Freedom of Expression under threat in Lebanon

Chamseddine’s case was closed after journalists, activists, and citizens launched an online media campaign attacking the government for restricting freedom of speech in the country.
by Ghadir Hamadi

13 July 2020 | 14:46

Source: by Annahar

  • by Ghadir Hamadi
  • Source: Annahar
  • Last update: 13 July 2020 | 14:46

Photo shows the opening remarks of a press conference. (Ghadir Hamadi/Annahar)

BEIRUT: The “Coalition to Defend Freedom of Expression in Lebanon” was launched by 14 national and international organizations as government authorities’ wage “a campaign of repression” against journalists and activists.

The press conference took place at Antwork Hamra and had two main guest speakers who shared their experience of being summoned for interrogation by the authorities for “defamation charges” after speaking up against corruption and the “government’s significant failings.”

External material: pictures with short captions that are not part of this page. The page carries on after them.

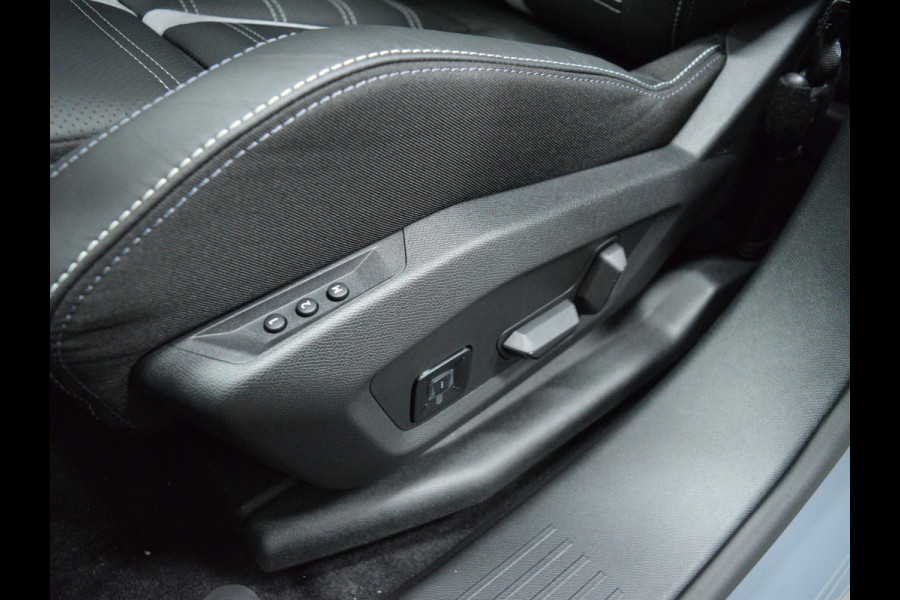 Opel Grandland 1.6 Turbo Plug-in-Hybrid Business Edition SCHUIF- KANTELDAK | LEREN BEKLEDING | CAMERA MET SENSOREN |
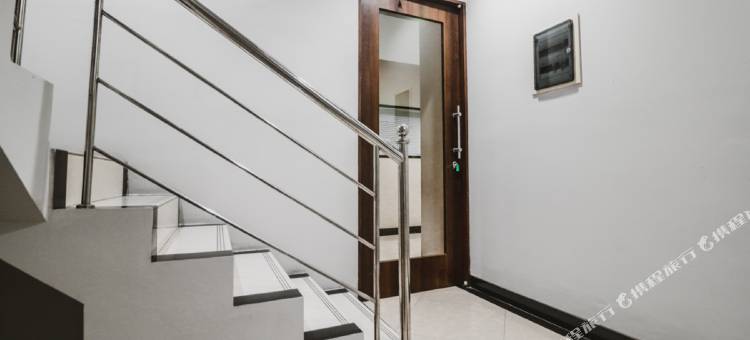 红多兹酒店-近雅加达橘园(RedDoorz Near Kebon Jeruk Jakarta)图片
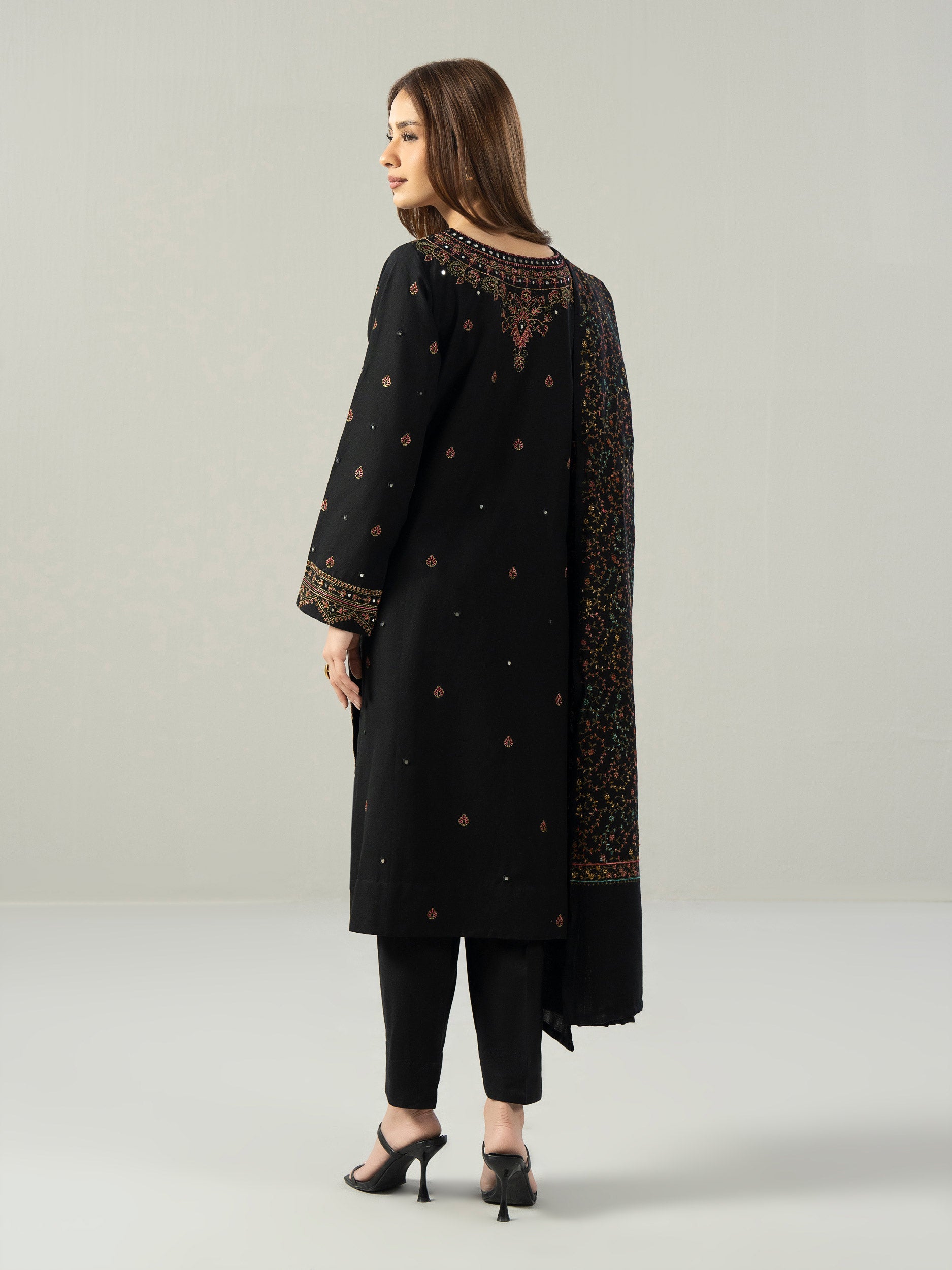 3 Piece Khaddar Suit- Embroidered (Pret)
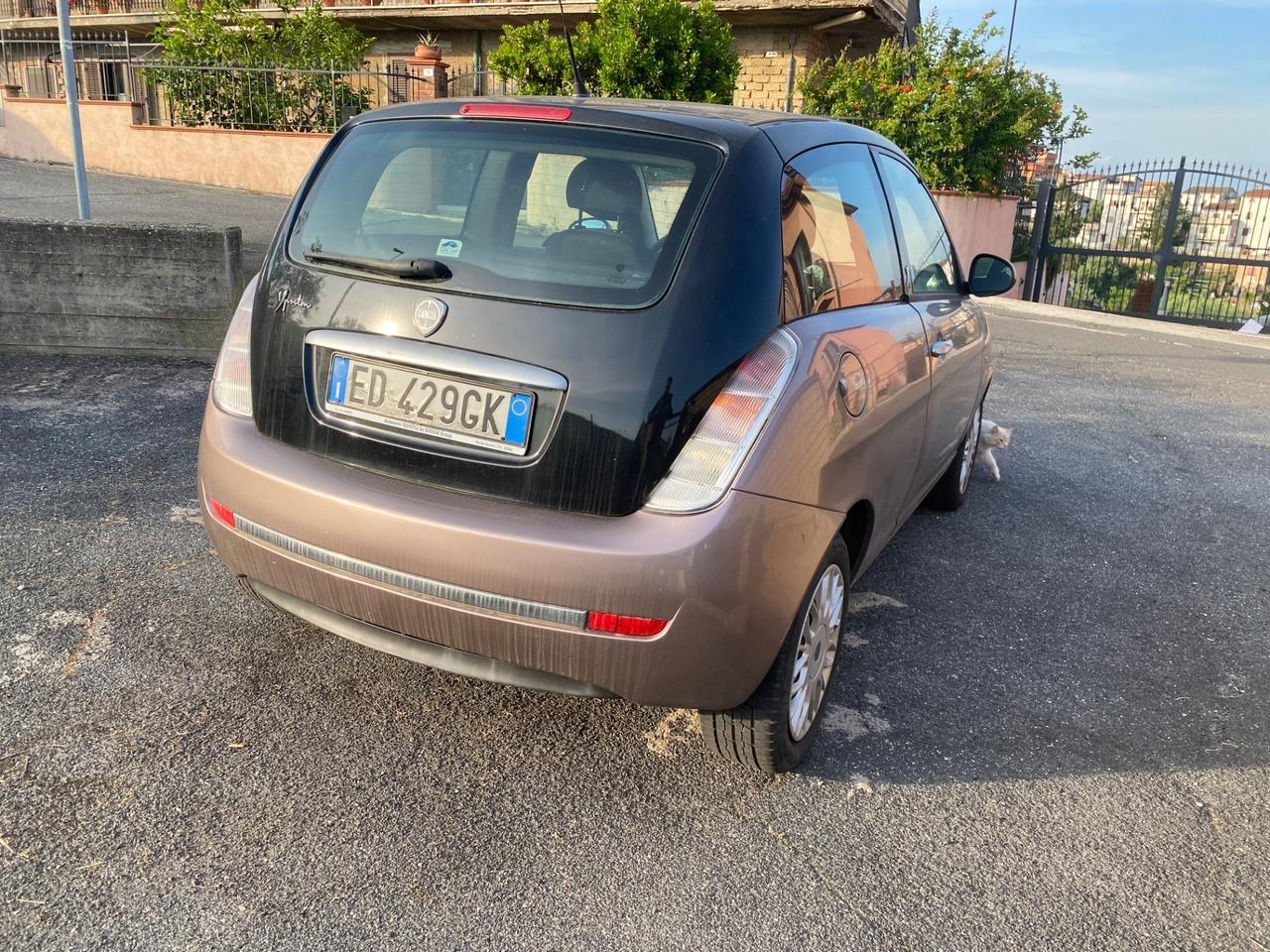 Lancia Ypsilon 1.2 Argento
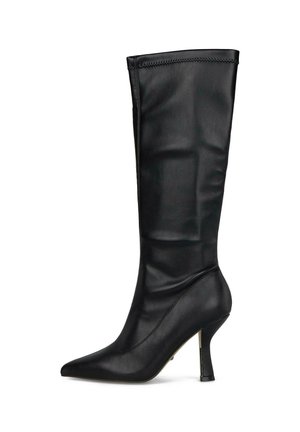 Bota de cuero negra hasta la rodilla con puntera puntiaguda y tacón alto y delgado, acabado liso y costura sutil cerca del borde superior.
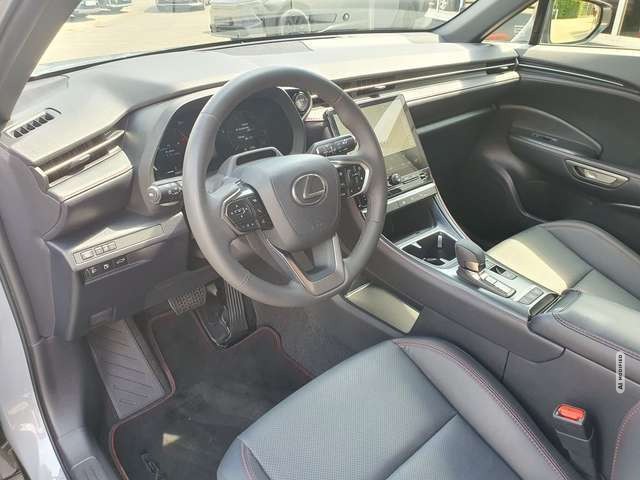 Lexus LBX FWD Emotion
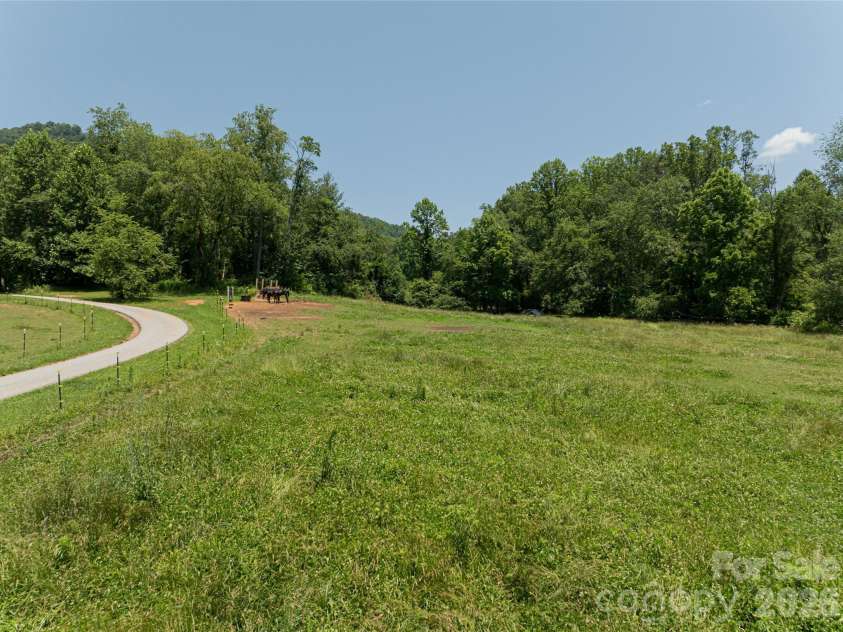 173 Avery Creek Road, Arden, NC 28704.  MLS# CAR4266452, YatesRealty ID 3382. 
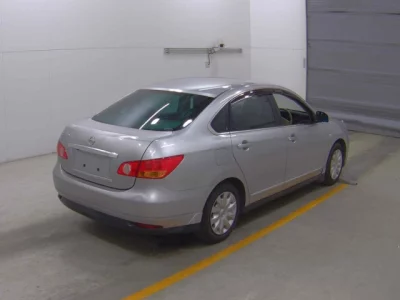 Nissan SYLPHY  с аукциона в Японии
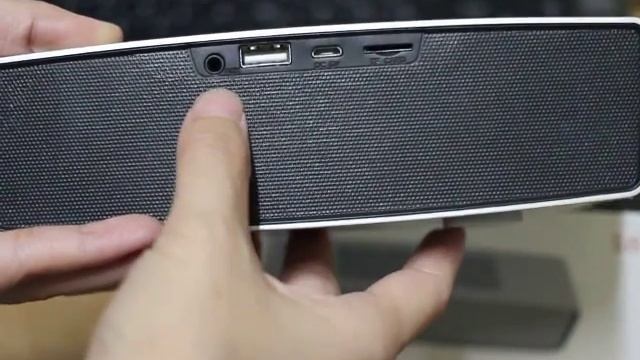BOSE Mini Speaker Soundlink By enovationshop смотреть онлайн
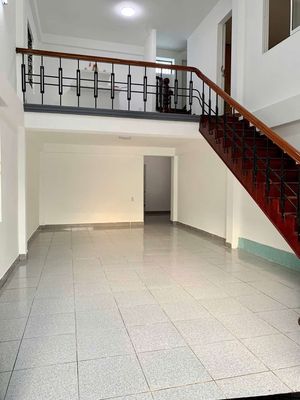 Аренда · 3 комн. · 100 м² · Quận Liên Chiểu, ул. Đường Nguyễn Văn Cừ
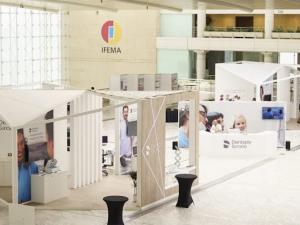 Professional lighting highlighting the architectural design of the RCK stand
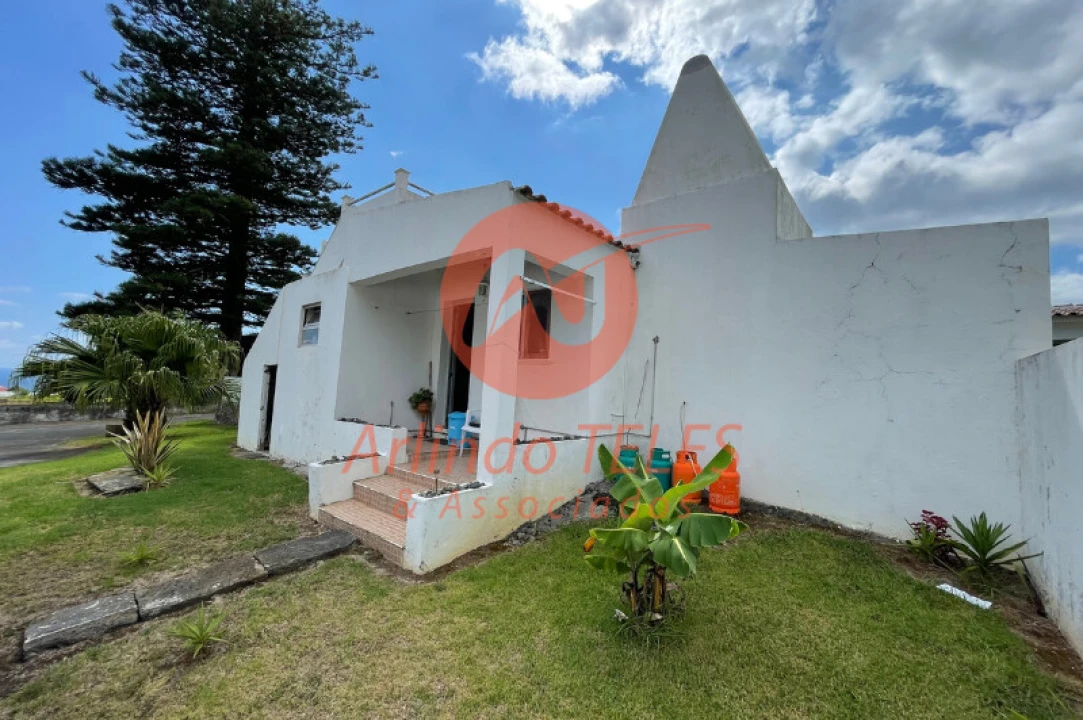 Moradia T8 para Venda em São Mateus da Calheta Foto 12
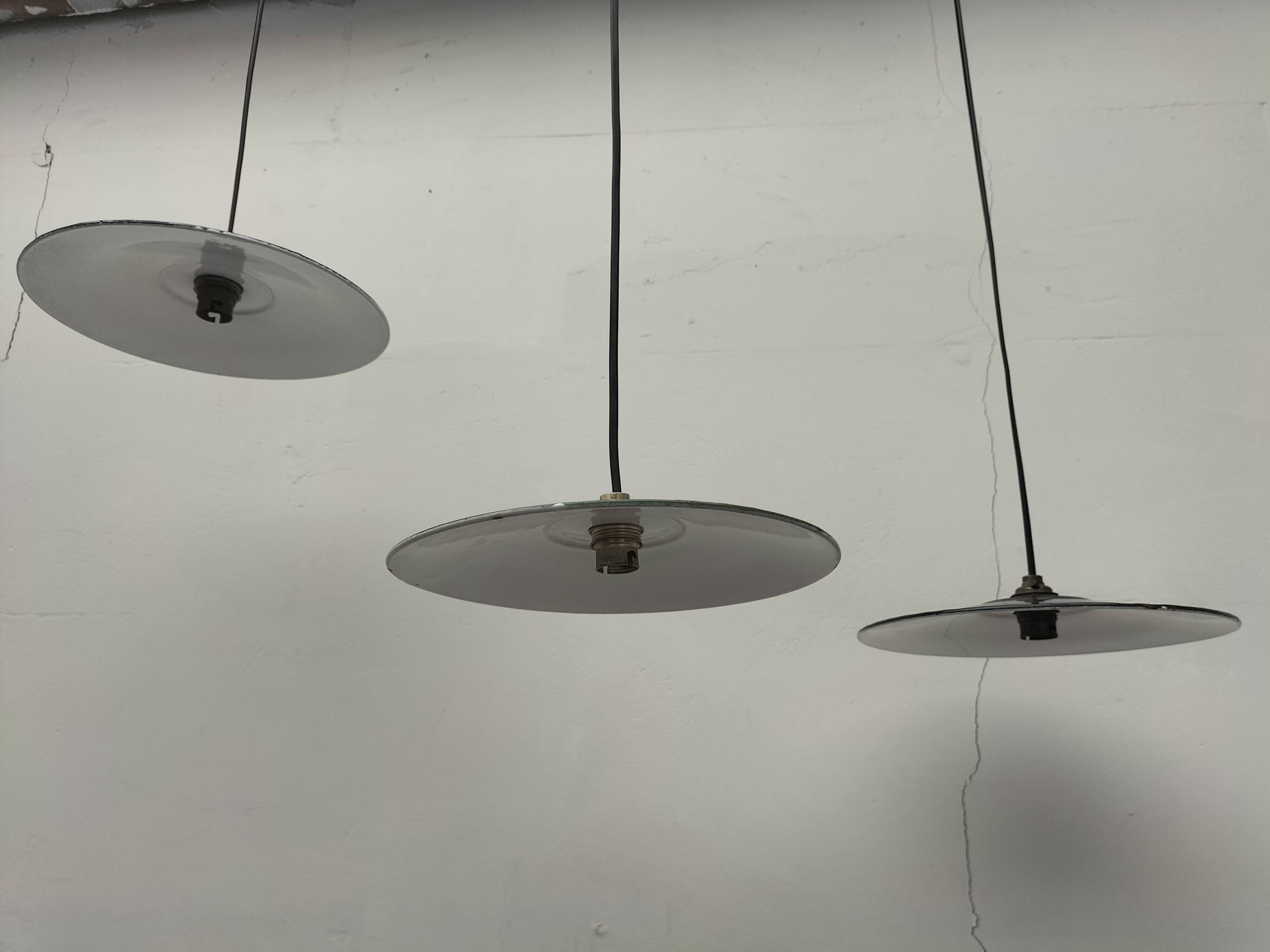 Suspensions tôle émaillée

Bachir Abu Zeid, Editor-in-Chief of October 17 Newspaper that kick started during the revolution insisted that he felt that there was a “great need for independent journalism that is not funded by political parties or their supporters to portray to the audience and to the readers the true image of what was happening on the street during the revolution.”

After the 4th edition of the October 17 Newspaper Abou Zeid and his team were no longer able to continue launching after they were specifically barred from withdrawing cash from the bank, that was donated to the newspaper by several members of the Lebanese diaspora.

Al Jadeed TV channel’s reporter, Adam Chamseddine spoke of his experience of being summoned to the military court for criticizing the security apparatus of the state.

Chamseddine’s case was closed after journalists, activists, and citizens launched an online media campaign attacking the government for restricting freedom of speech in the country.

He noted that he was lucky since he’s a public figure and his case was picked up quickly by the public opinion.

“Lebanon is a tiny country and its population is small. Let’s make every activists case our case and keep sharing it and speaking out for until the authorities have no option but to surrender and stop trying to crackdown on those who criticize its grave failures,” Chamseddine concluded.

From a legal perspective Layal Bahnam, lawyer at Maharat Foundation, stated that as long as “Lebanon does not have laws that protect those who dare to expose corruption we will remain in our current turmoil.”

Vanessa Bassil founder and CEO of the Media Association for Peace, one of the local organizations that launched the coalition, told Annahar that “the more Freedom of Expression is violated the more threatened the society’s stability and cohesion will be.”